Previous rulings by the CJEU have addressed both the application of the safe harbor principle set out in the EU E-Commerce Directive1 that shields hosting providers from liability for hosted unlawful third-party content2 of which they have no actual knowledge and, separately, the extent of infringement of copyright by hosting of, or linking to, copyright infringing third-party content under the EU Copyright Directive3,4. But it is still unclear under which conditions the providers of the various online platforms that store and make available user-generated content, can rely on the safe harbor privilege applying to hosting providers to avoid liability, or whether they must not only take down the infringing content when they obtain knowledge of such content but also compensate the rightsholders of such content for damages for copyright infringement.
The questions that the BGH submitted to the CJEU aim to clarify these uncertainties by bringing together the different requirements established by the previous CJEU rulings for (i) affirming a direct copyright infringement by the online platform providers under the EU Copyright Directive and (ii) denying the application of the safe harbor privilege as well as the legal consequences of such a denial (such as the extent of liability for damages).
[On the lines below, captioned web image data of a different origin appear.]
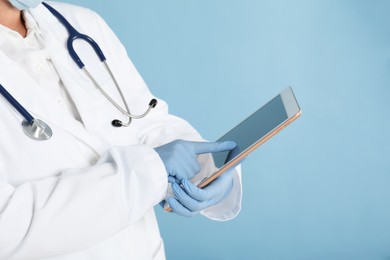 Doctor with tablet on light blue background, closeup view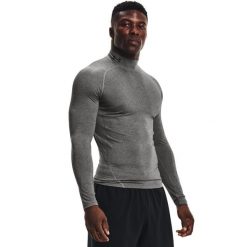 Koszulka z długim rękawem i stójką Under Armour HeatGear®. Czarne t-shirty sportowe męskie Under Armour, xs, z materiału, bez ramiączek, na fitness i siłownię. Za 152.54 zł.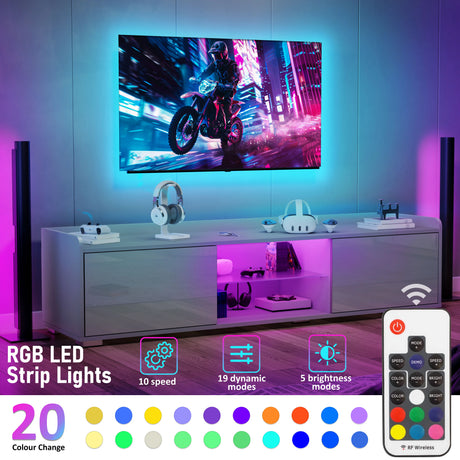 Gaming setup with RGB LED strip lights on a white entertainment console.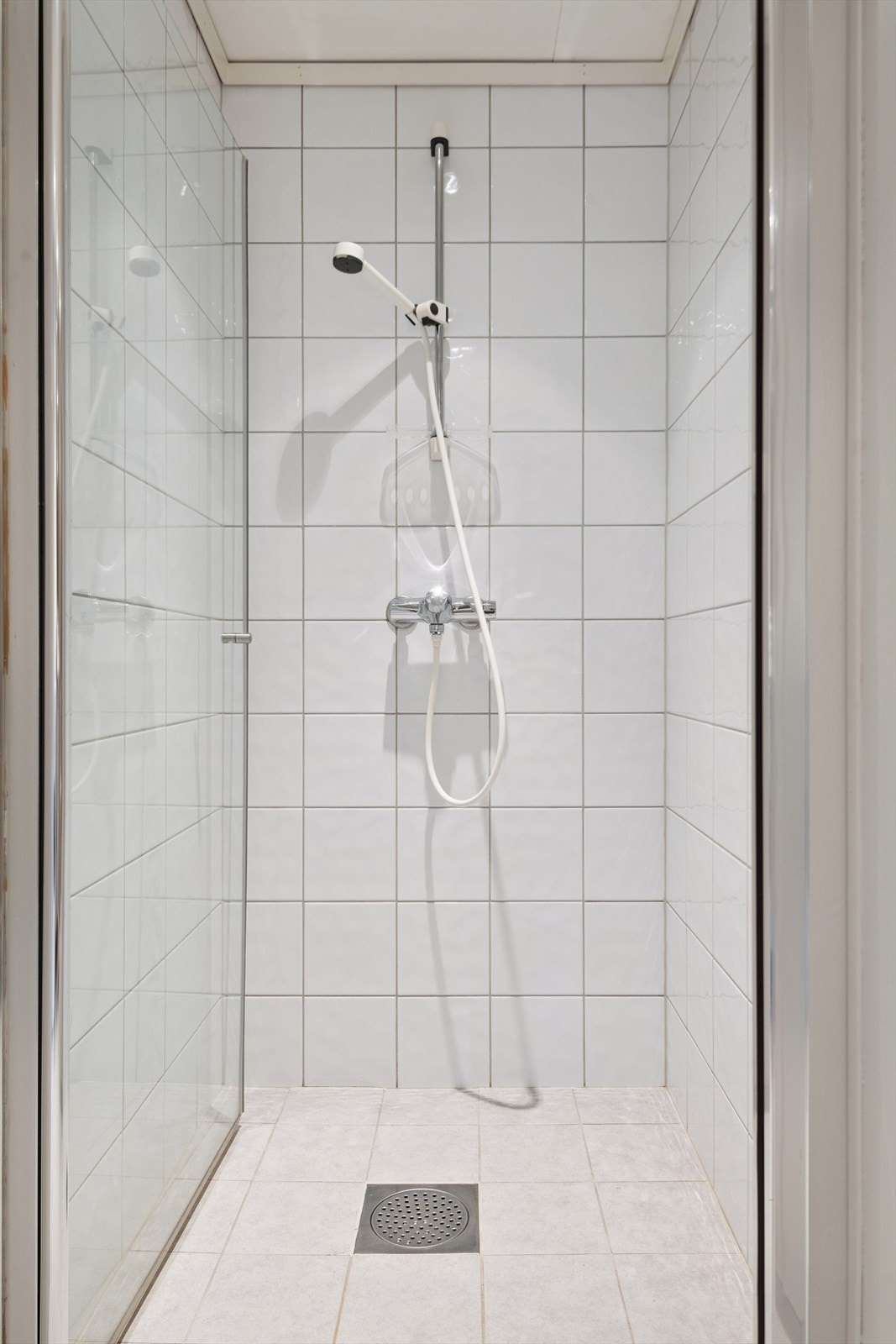 Dusjsonen har flislagte vegger og praktiske dusjdører i glass. Galleribilde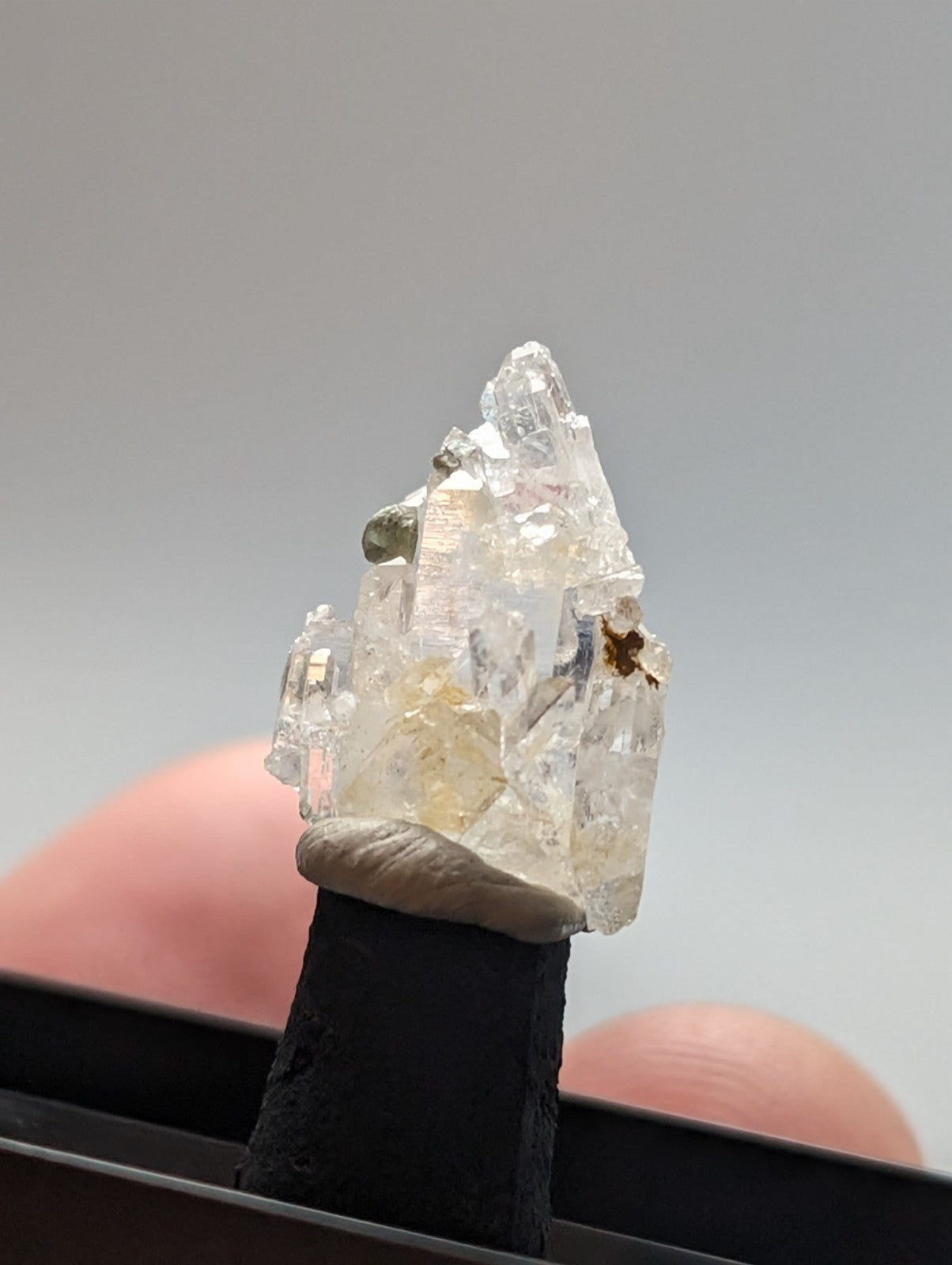 A translucent, crystalline mineral specimen with clear and pale yellow facets mounted on a black display stand.
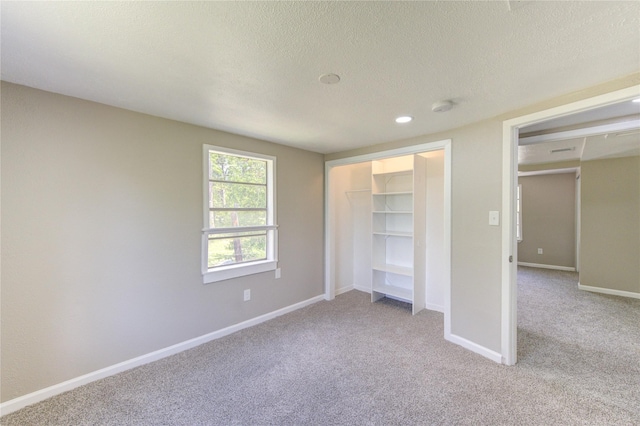 unfurnished bedroom featuring a closet, carpet floors, a textured ceiling, and baseboards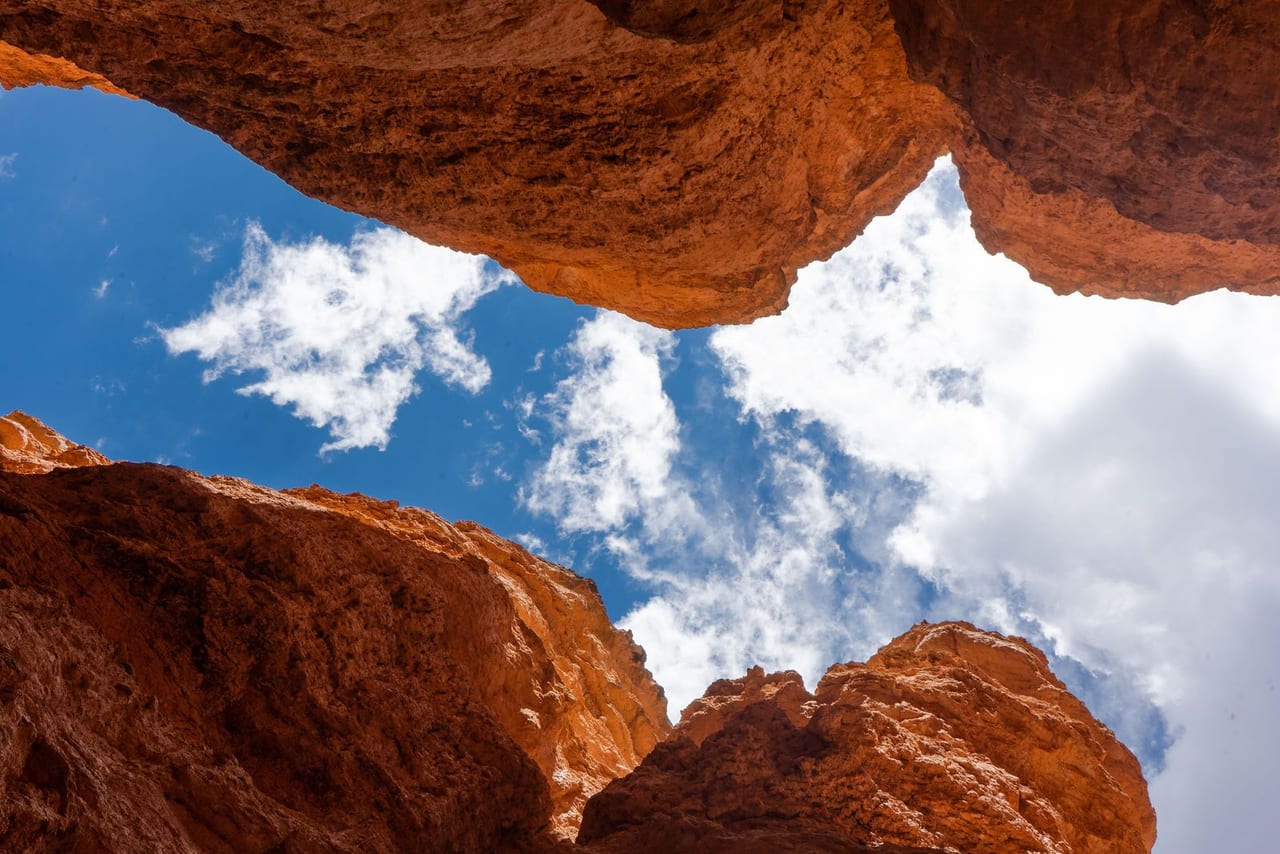 Looking up through a red sandstone arch at white clouds and blue sky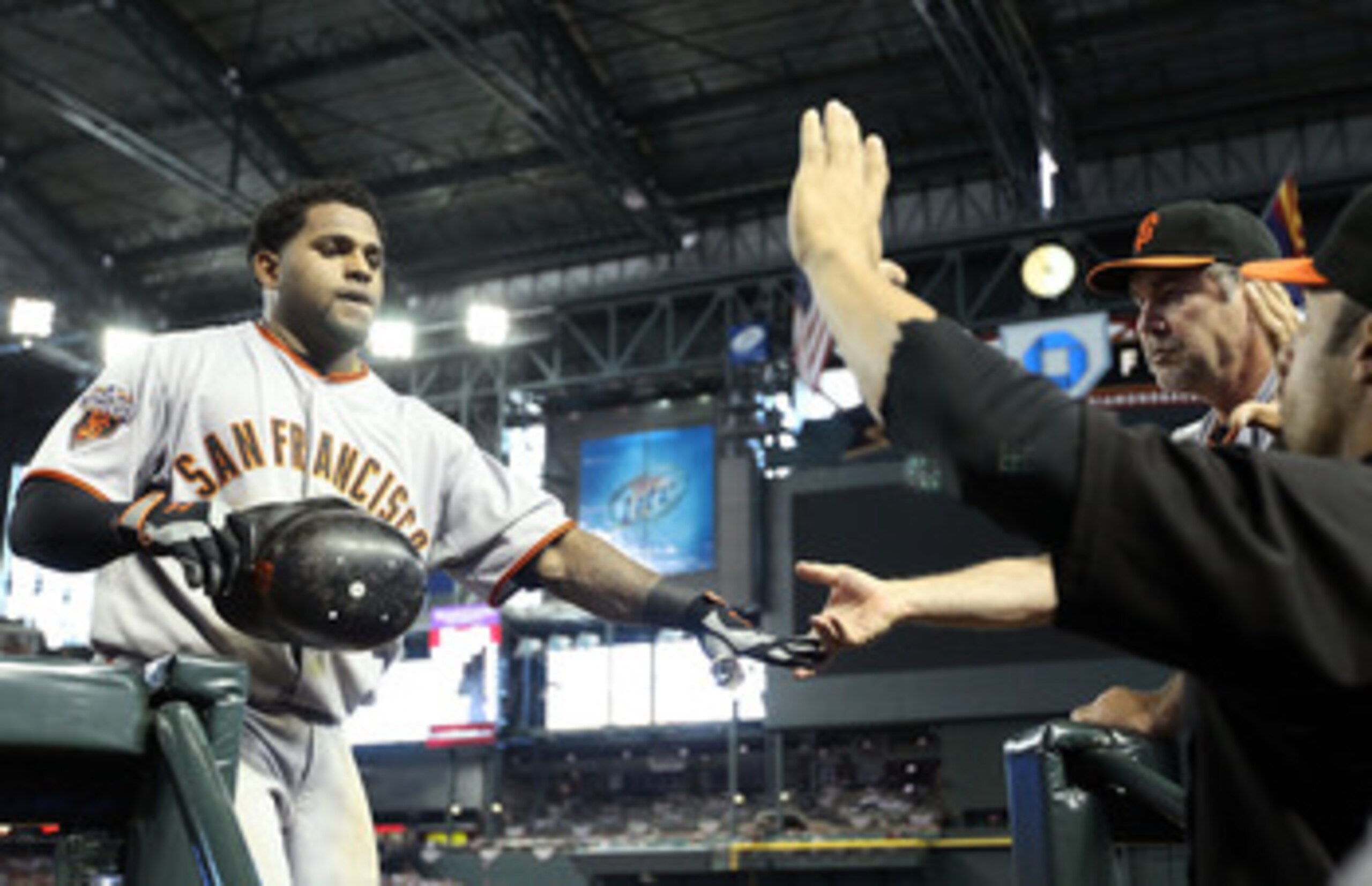 PHOENIX, AZ - APRIL 17:  Pablo Sandoval #48 of the San Francisco Giants high fives manager Bruce Bochy after Sandoval hit a solo home run against the Arizona Diamondbacks during the sixth inning of the Major League Baseball game at Chase Field on April 17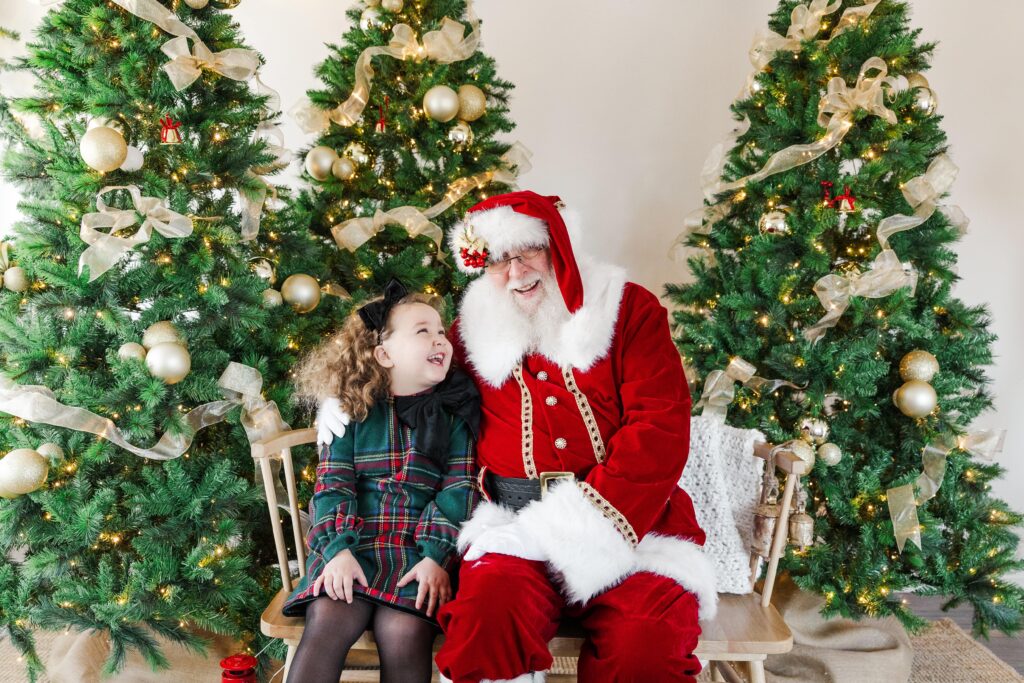 Santa posing with a kid in a calm, festive photography session.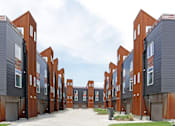 Thumbnail 17 of 50 - A series of modern buildings with red and grey exteriors.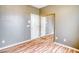 Bedroom with wood floors and mirrored closet doors at 2383 Rainswept Ave, Henderson, NV 89052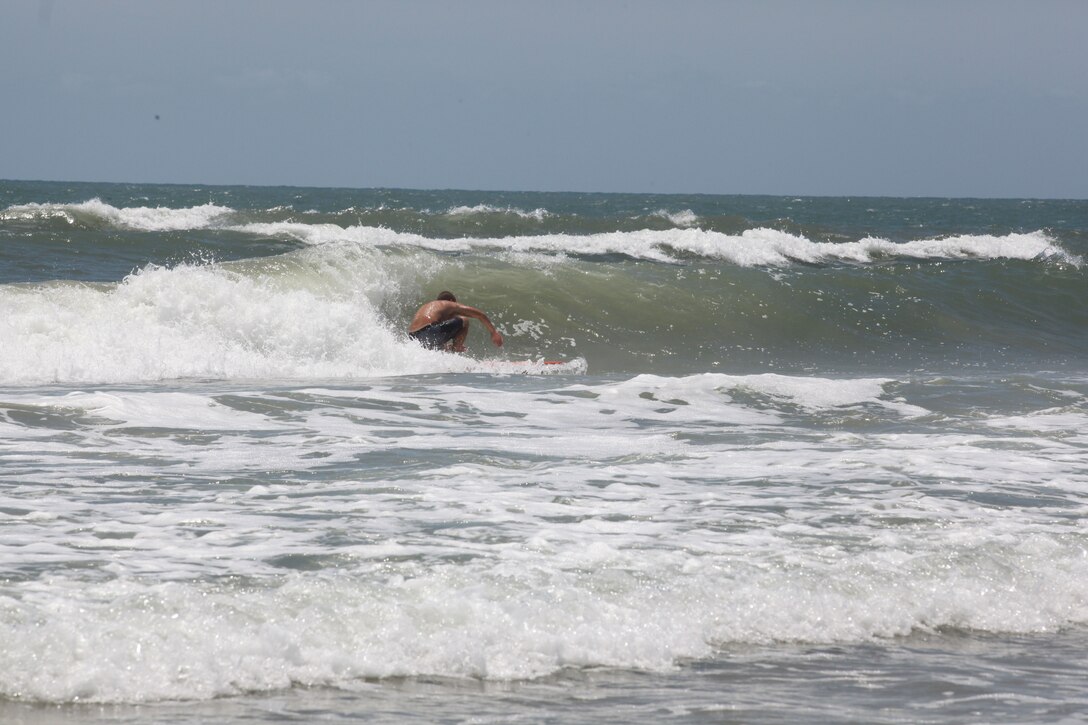 Cpl. Chase Dale surfs at Onslow Beach aboard Marine Corps Base Camp Lejeune, June 15. Dale said that surfing improves self-confidence along with stamina and endurance.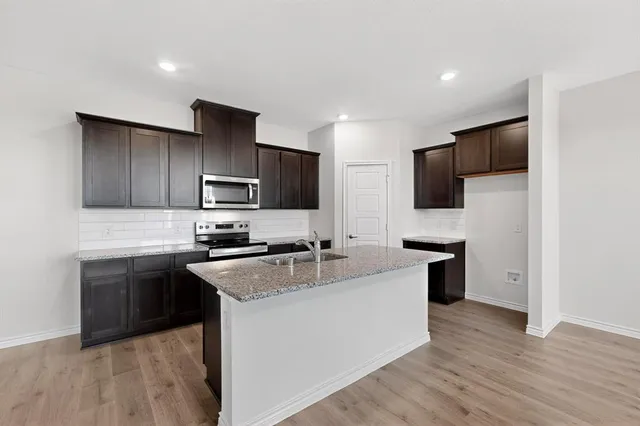 a view of kitchen with sink microwave and stove top oven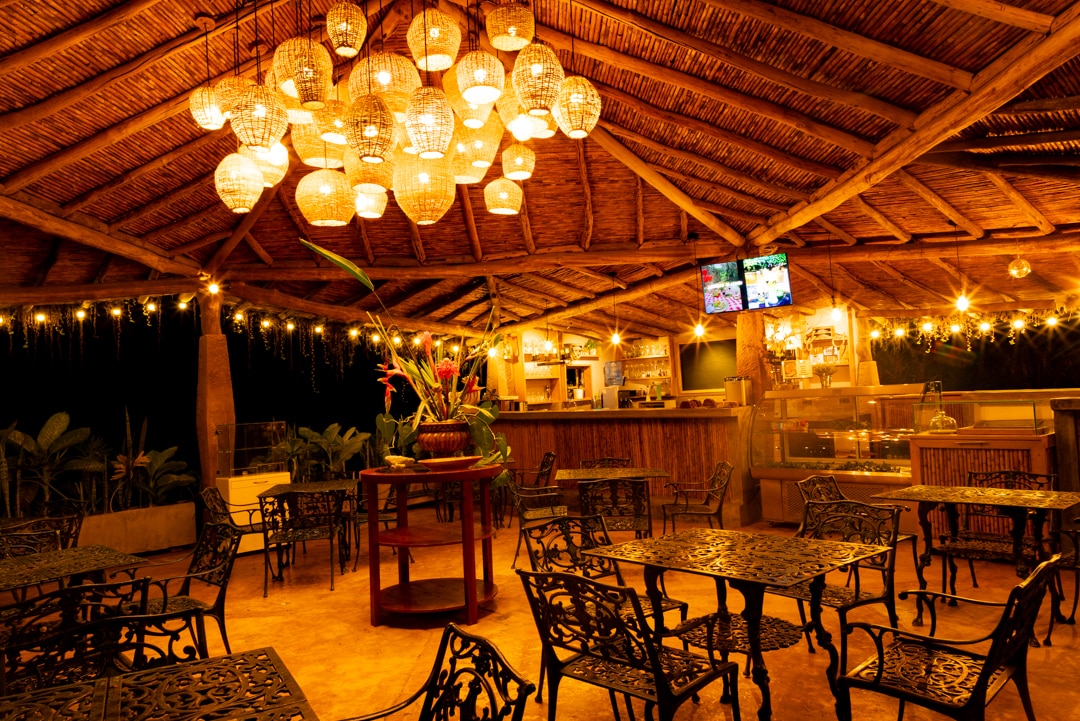 The dining area features an open structure with a thatched roof supported by wooden beams. Ornate metal tables and chairs are arranged throughout, and a cluster of decorative light fixtures hangs overhead, casting a warm glow. A bar area is visible in the background, enhancing the inviting space.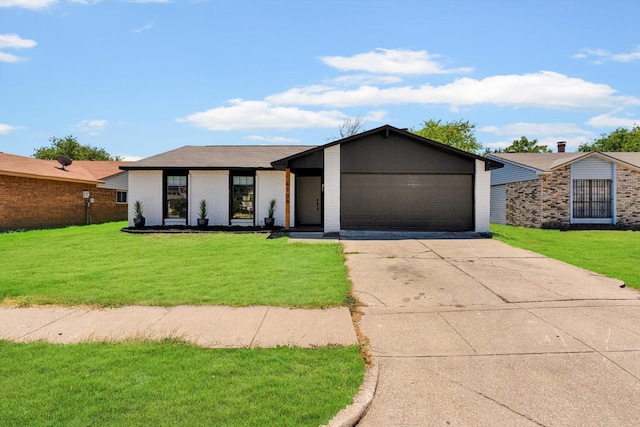 ranch-style house with a garage and a front yard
The CJEU will have to consider the differences between the YouTube and uploaded.net business models. The CJEU will hopefully provide much clearer guidelines on key issues such as:
to what extent can providers of online services engage with the user content hosted by them; which activities will trigger a liability for copyright infringement irrespective of actual knowledge of a specific infringement; whether they must actively monitor the content uploaded by users for copyright infringements (e.g., by using state-of-the-art efficient filter technologies) to avoid damage claims by rightsholders. In addition, we expect these cases to have an effect on the interpretation of the new Art. 13 of the revision of the EU Copyright Directive that will likely be adopted by the EU legislative institutions in the second quarter of 2019. The current trilogue negotiations among the EU institutions indicate that, under such new Art.13, providers of online content sharing services will be directly liable for copyright infringements by content uploaded to the platform by their users and will not be granted safe harbor under the EU E-Commerce Directive.5 The providers would then have to ensure that content for which the providers have not obtained a license from the respective rightsholders for use on their platforms cannot be displayed on their platform. This means that the providers would have to monitor all content files when uploaded to their platform, making filter technology mandatory for the majority of the platforms (see our previous MoFo Tech Blog on the draft amendment to the EU Copyright Directive).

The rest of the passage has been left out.